A man lives in the block told us about the gig as we came out of the lift out this morning on our way to Kino’s for breakfast.
He said, ‘we’re playing tonight. Probably start about nine.’
The band was called The Dead Sofas and it turned out the man who told me about the gig wasn’t actually a playing member. He came up to me during a break in the music as I sat in the bar watching the fish in the fishtank opposite.
‘We practice in my flat,’ he said.
‘Had any complaints?’
‘Have you ever heard us?’
‘No.’
‘If you do, let me know.’
‘Okay. Thanks.’
Saturday, March 03, 2007
THE STREET
‘You want to buy a quilt cover?’ said a man on Stokes Croft to another man who was there too.
‘No thanks,’ said the other man.
‘You sure you don’t want one?’
‘Yes, I’m sure. Sorry.’
‘They’re Laura Ashley. They’re usually six but I’m selling them for ten.’
‘You sure you got that right?’
‘Yes,’ he said. ‘You want one?’
THE LIFT
‘Morning,’ I said.
Morning,’ he said. ‘Or should I say, “afternoon” as it is the afternoon?’
‘Afternoon is good.’
Waiting.
‘Nice today, isn’t it?’ as we went up in the lift.
‘Hope it stays like this for the weekend.’
‘Been a bit unpredictable lately, hasn’t it?’
‘Monday was sunny. Tuesday rain...Wednesday rain again...’
‘What about Thursday?’
‘Friday too.’
‘Who knows about Sunday?’
THE VASE
On the corner of Picton Street and Ashley Road is a small patch of open space. Concrete, weeds and today a couple were selling things from a table. I’ve seen them walking, arguing, drinking, around the area together.
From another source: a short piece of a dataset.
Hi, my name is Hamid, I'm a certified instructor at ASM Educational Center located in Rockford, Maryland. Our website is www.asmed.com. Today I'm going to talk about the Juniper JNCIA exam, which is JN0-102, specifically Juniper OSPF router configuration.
On my way back from Licata’s I saw the couple were packing up.
I went over and said, ‘how much for the vase?’
‘What do you think?’ said the woman.
‘You say and we’ll start from there.’
‘Er...I don’t know...’
‘A pound,’ I said picking out two fiftys.
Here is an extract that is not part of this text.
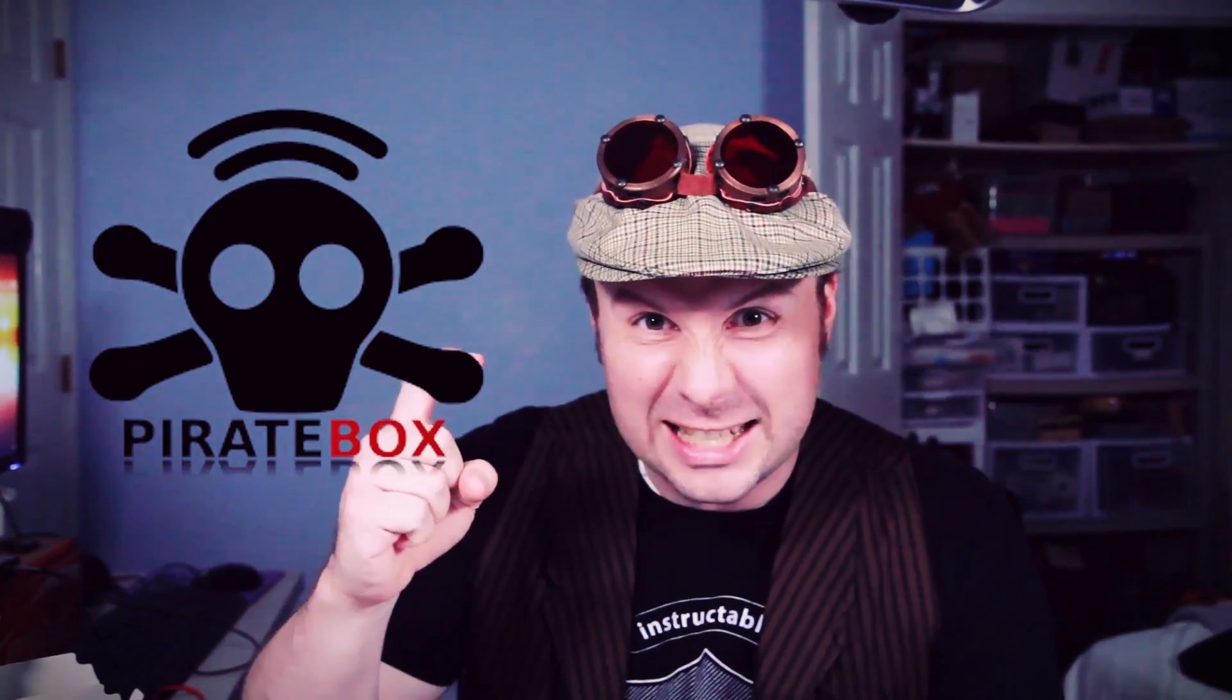Good day to you scallywags and tinker nerds. I know you're asking yourself, why are you talking like a scurvy pirate? Today I'm conjuring up what's known as a pirate box. Alright, that's getting annoying fast.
‘Okay,’ she said holding out her hand.
Friday, March 02, 2007
GRANDAD
Grandad is an eighty-six year old man I know who I don’t so much chat with as shout at.
‘I gave up drink before I ended up in Glenside,’ he said.
‘What happened?’
‘The wife went off with another man and left me with our son to bring up on my own...and I had a mortgage to pay.’
‘What did you do?’
‘I gave up the drink. I thought it would help.’
‘You drink much?’
‘No. A couple of ciders at the end of the day after work. Being a driver I had a licence to protect. I was dependent on it.’
‘So you ended up in Glenside?’
‘It was after giving up the drink...it all got too much...that’s it really.’
He took a sip of tea then put the cup back on its saucer, ‘my son said she wanted to come back to me but I couldn’t let her after what she’d done.’